- _Information supplied_:
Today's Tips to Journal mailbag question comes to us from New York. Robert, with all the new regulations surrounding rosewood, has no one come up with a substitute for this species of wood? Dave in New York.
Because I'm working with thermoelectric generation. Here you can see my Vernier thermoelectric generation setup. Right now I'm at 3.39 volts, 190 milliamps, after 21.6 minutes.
...
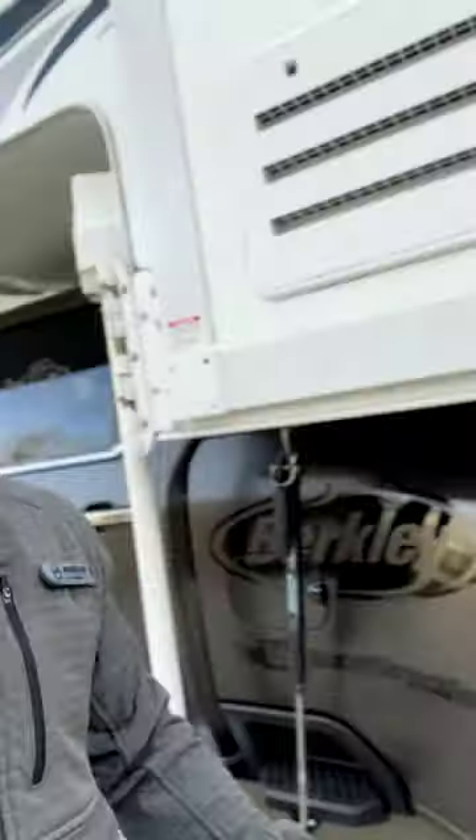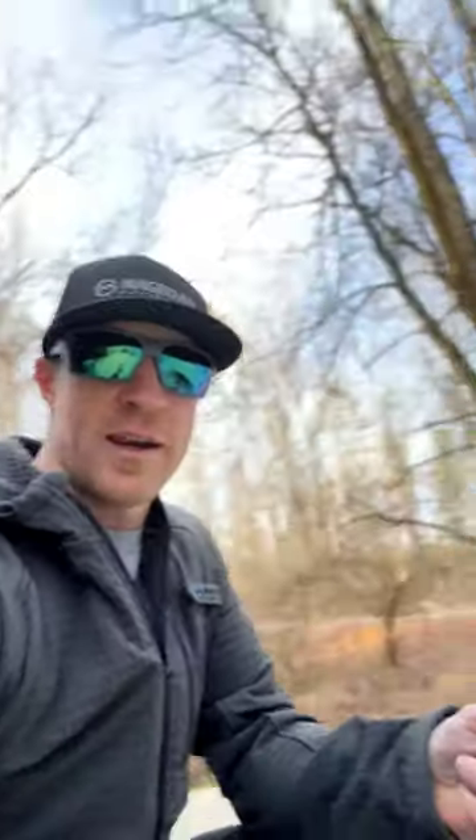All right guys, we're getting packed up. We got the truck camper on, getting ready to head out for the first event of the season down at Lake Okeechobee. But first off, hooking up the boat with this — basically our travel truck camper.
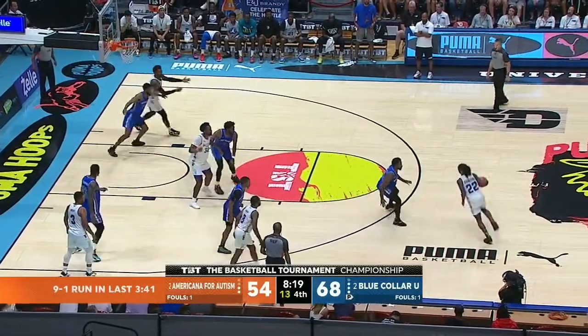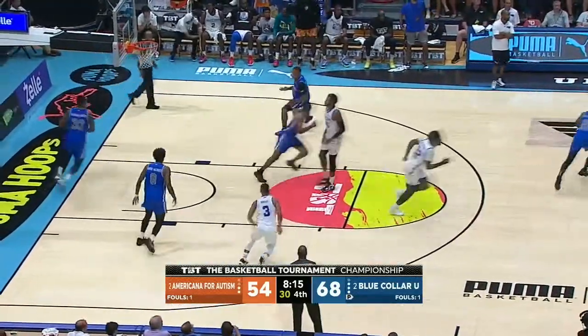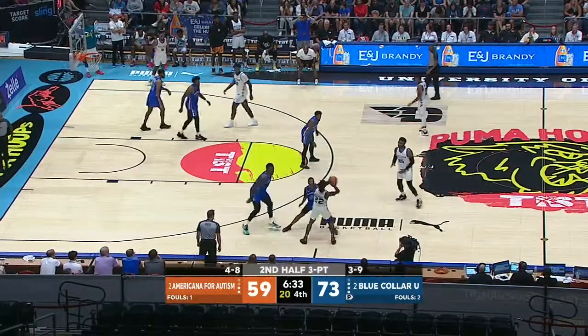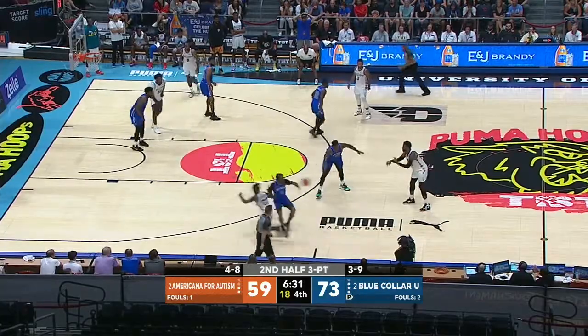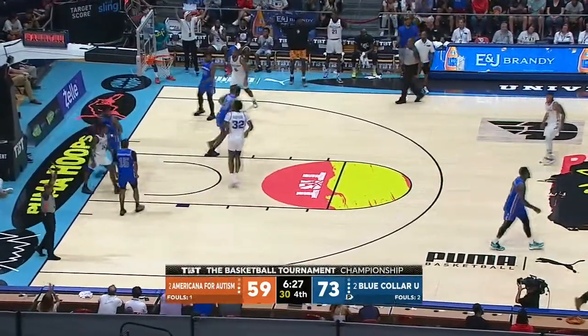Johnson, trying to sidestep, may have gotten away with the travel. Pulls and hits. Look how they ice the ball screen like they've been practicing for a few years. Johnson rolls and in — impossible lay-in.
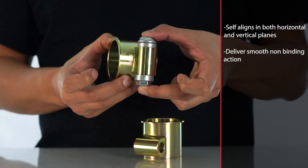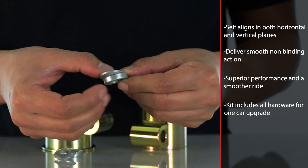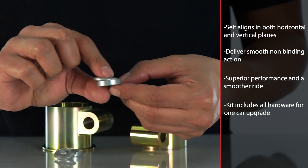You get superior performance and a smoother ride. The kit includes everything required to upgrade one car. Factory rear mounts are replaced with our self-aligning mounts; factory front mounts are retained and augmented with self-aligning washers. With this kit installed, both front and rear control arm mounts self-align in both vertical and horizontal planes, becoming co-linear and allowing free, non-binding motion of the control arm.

- _What this task involves_:
Take the lines above from the one containing "Today's Tips to" down to the one containing "Because I'm working", and transcribe them exactly, both ends included.

- _Solution to the problem_:
Today's Tips to Journal mailbag question comes to us from New York. Robert, with all the new regulations surrounding rosewood, has no one come up with a substitute for this species of wood? Dave in New York.
Because I'm working with thermoelectric generation. Here you can see my Vernier thermoelectric generation setup. Right now I'm at 3.39 volts, 190 milliamps, after 21.6 minutes.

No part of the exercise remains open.